> [GOAL OF THE EXERCISE]: Please set down each of the lines below once more, exactly, omitting all pictures.

> [SUPPLIED MATERIAL]:
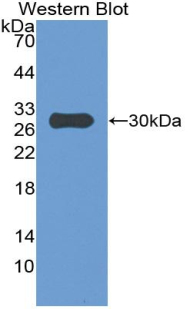 IGFBP4 Antibody - Western blot of recombinant IGFBP4 / IGFBP-4.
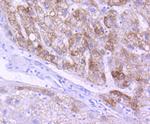 AIF Antibody in Immunohistochemistry (Paraffin) (IHC (P))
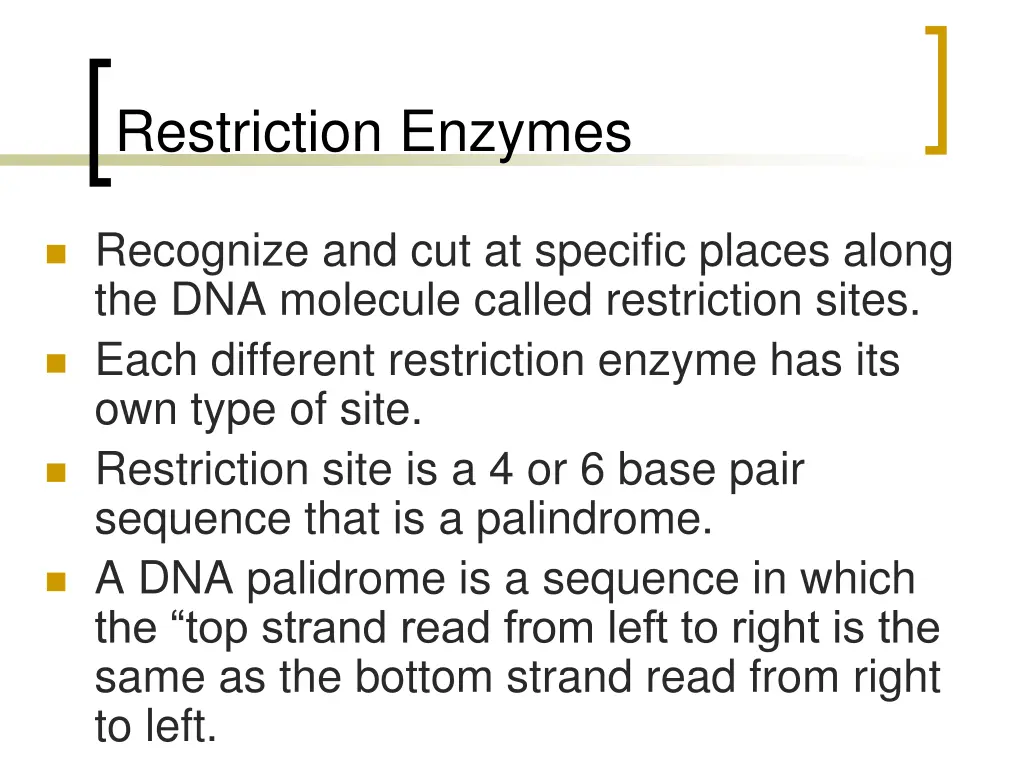 restriction enzymes 2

> [YOUR SOLUTION]:
 IGFBP4 Antibody - Western blot of recombinant IGFBP4 / IGFBP-4.
 AIF Antibody in Immunohistochemistry (Paraffin) (IHC (P))
 restriction enzymes 2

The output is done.